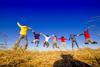 Kids jumping on hill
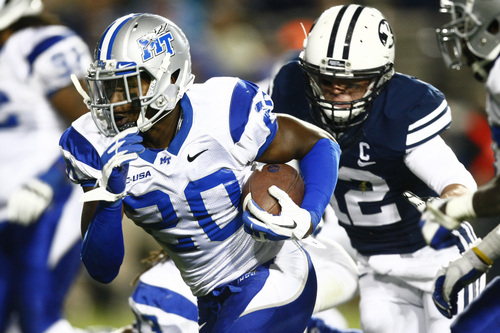 Chris Detrick  |  The Salt Lake Tribune
Middle Tennessee Blue Raiders safety Kevin Byard (20) runs past Brigham Young Cougars wide receiver JD Falslev (12) after intercepting the ball during the second half of the game at LaVell Edwards Stadium Friday September 27, 2013.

PROBLEM TO WORK ON – Write out all of the data above exactly, pictures excluded.

SOLVED EXERCISE –
 Kids jumping on hill
 Chris Detrick  |  The Salt Lake Tribune
Middle Tennessee Blue Raiders safety Kevin Byard (20) runs past Brigham Young Cougars wide receiver JD Falslev (12) after intercepting the ball during the second half of the game at LaVell Edwards Stadium Friday September 27, 2013.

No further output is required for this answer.